## EXTRACTED DATA

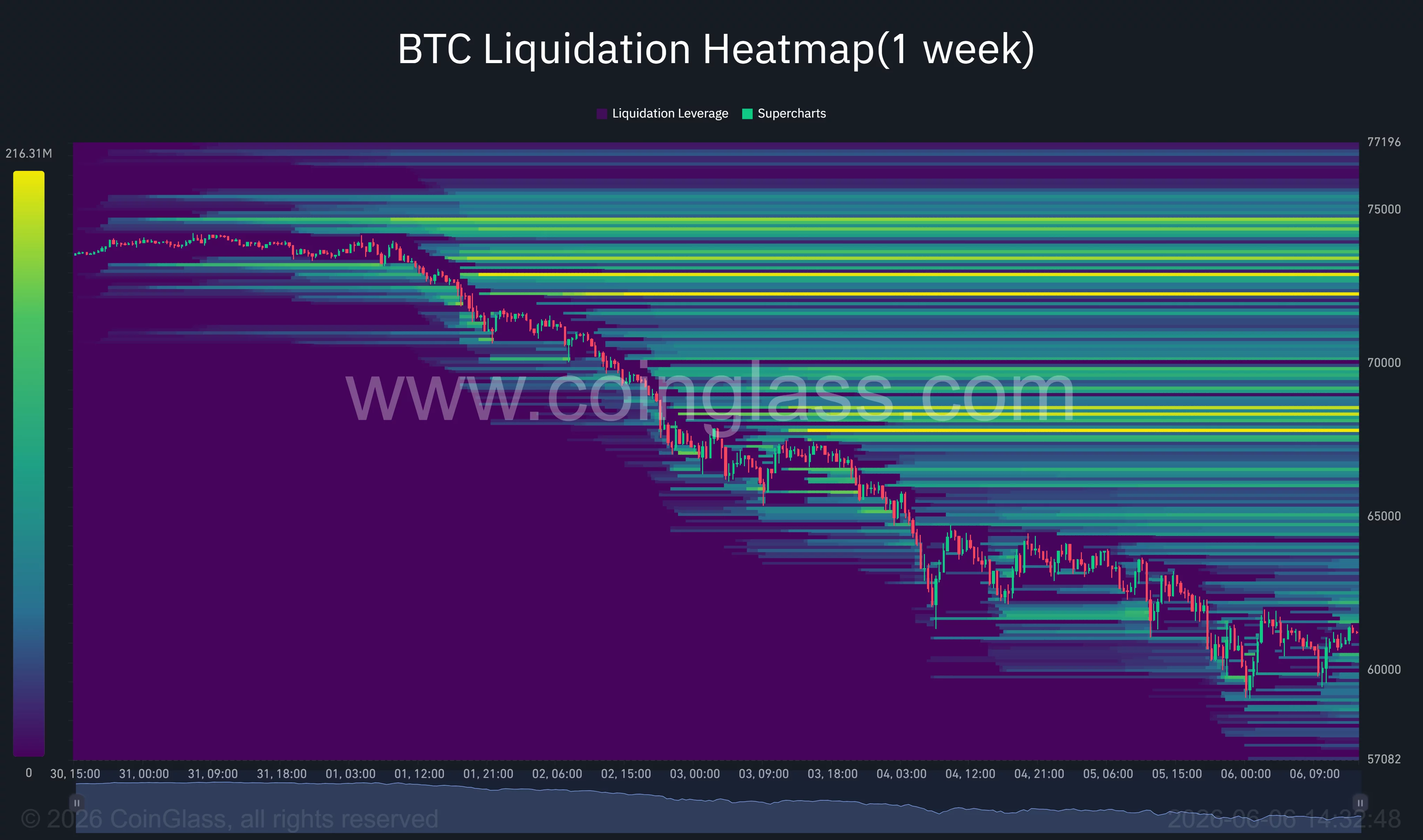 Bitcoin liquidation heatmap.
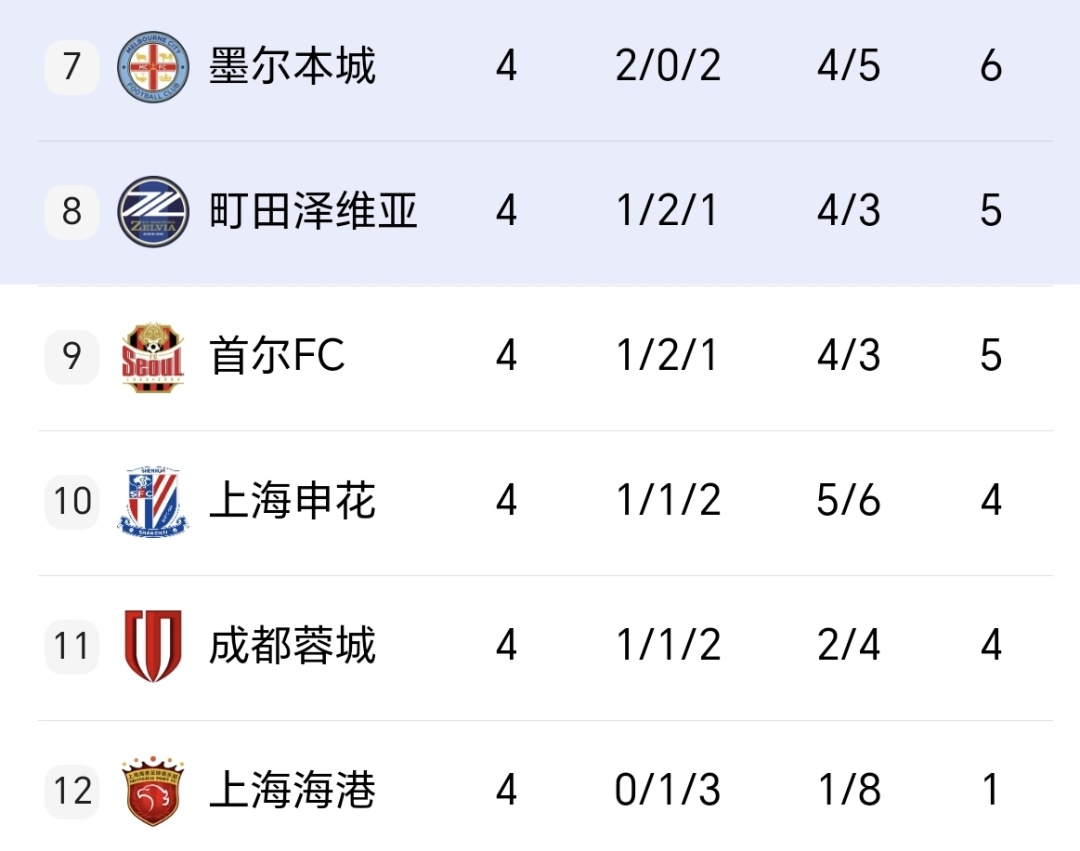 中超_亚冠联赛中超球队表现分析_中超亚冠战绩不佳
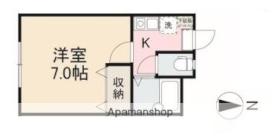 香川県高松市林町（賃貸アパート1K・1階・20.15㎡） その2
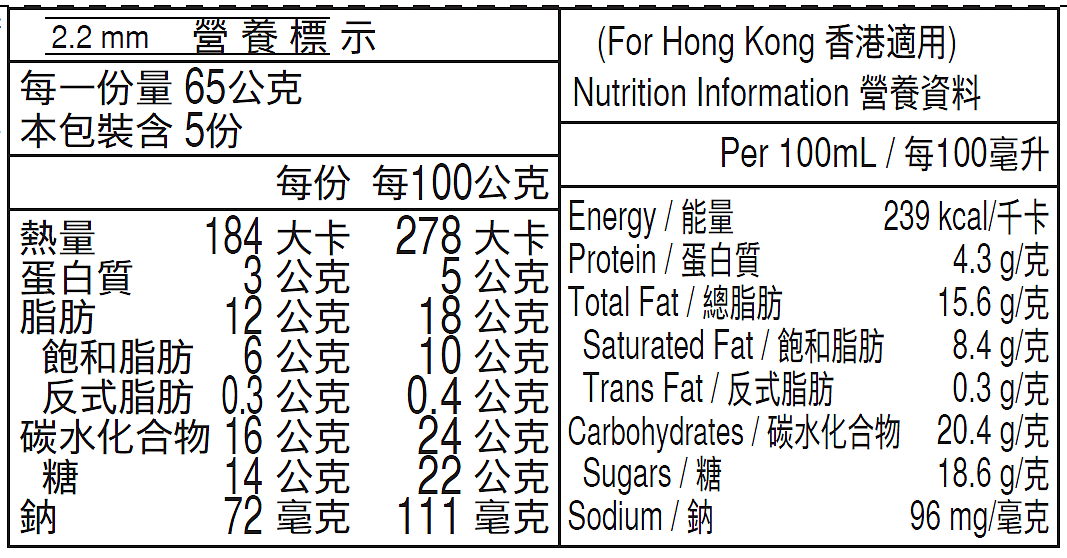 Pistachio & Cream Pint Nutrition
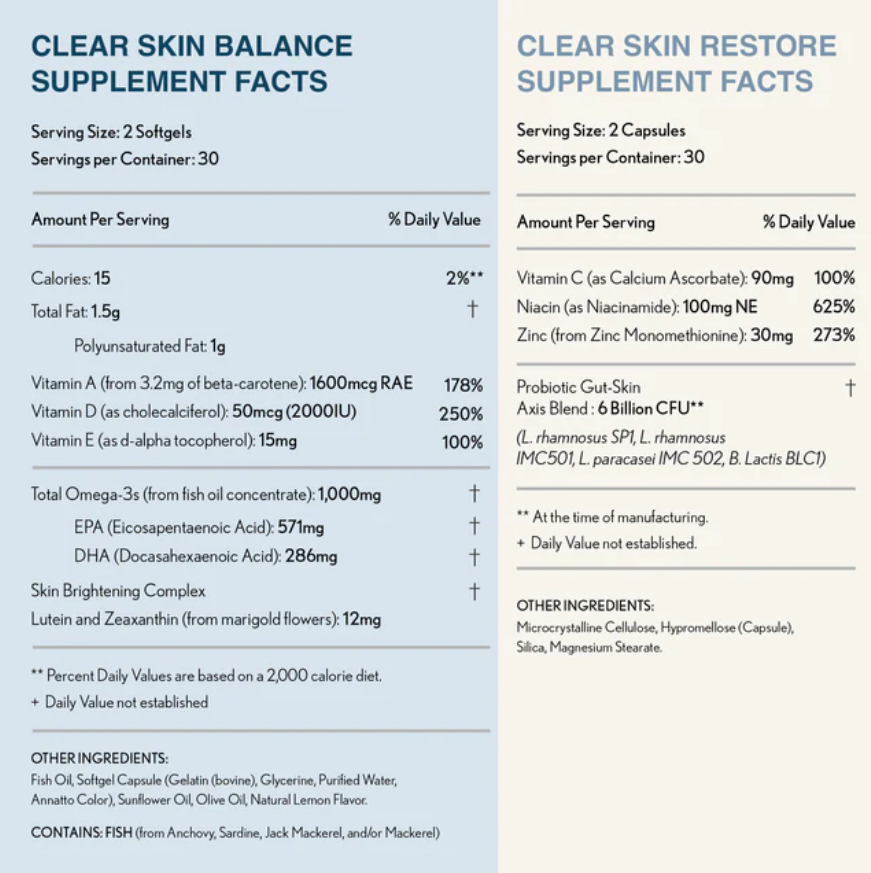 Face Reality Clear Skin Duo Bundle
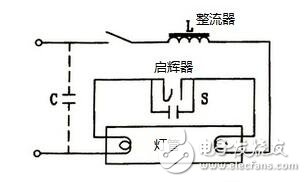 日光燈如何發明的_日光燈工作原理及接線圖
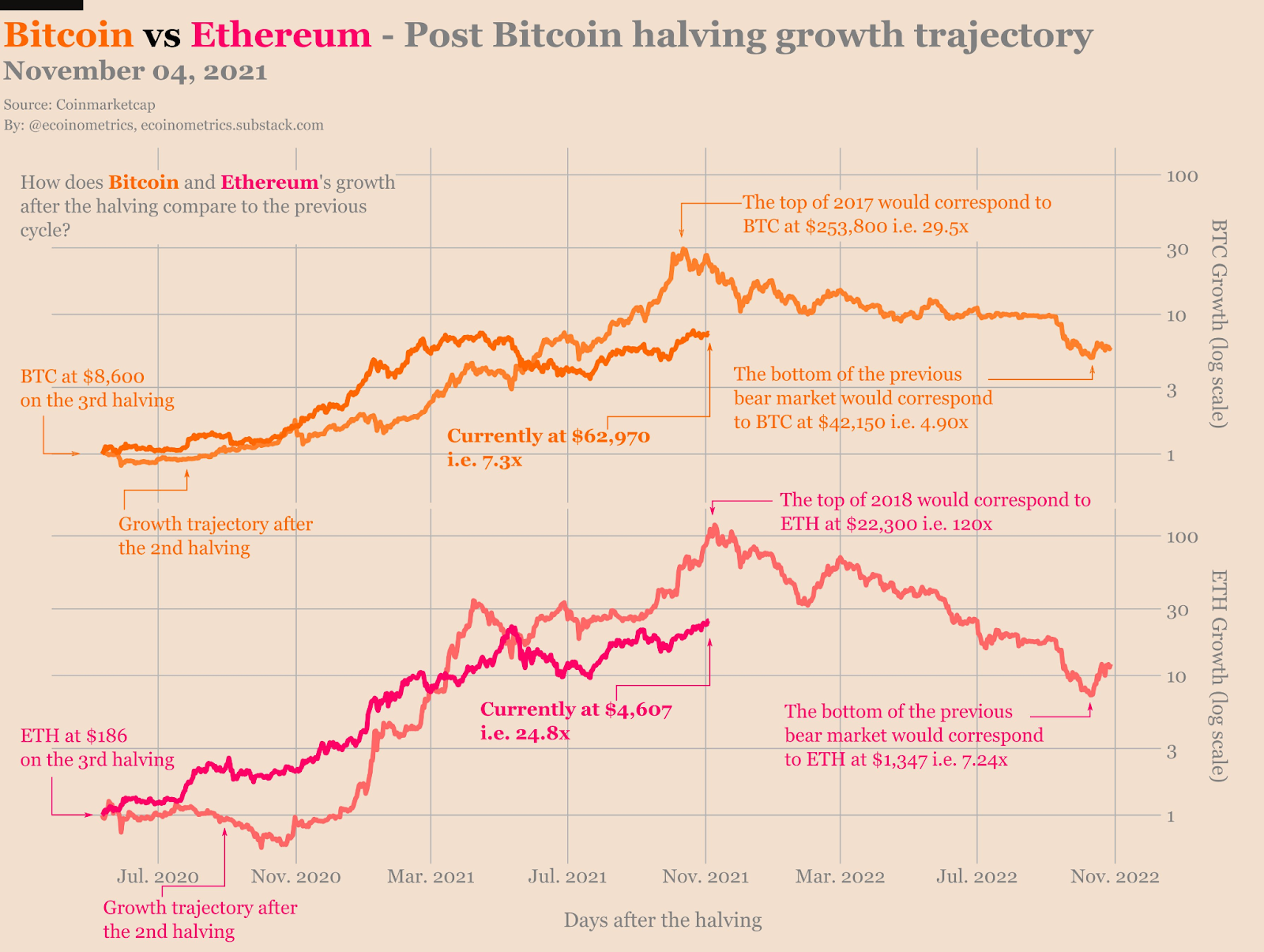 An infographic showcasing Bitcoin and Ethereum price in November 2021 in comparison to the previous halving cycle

## HOW TO COMPLETE THIS TASK
Exact transcription of the full listing above is required; images do not belong in it.

## RESULT OF THIS TASK
 Bitcoin liquidation heatmap.
 中超_亚冠联赛中超球队表现分析_中超亚冠战绩不佳
 香川県高松市林町（賃貸アパート1K・1階・20.15㎡） その2
 Pistachio & Cream Pint Nutrition
 Face Reality Clear Skin Duo Bundle
 日光燈如何發明的_日光燈工作原理及接線圖
 An infographic showcasing Bitcoin and Ethereum price in November 2021 in comparison to the previous halving cycle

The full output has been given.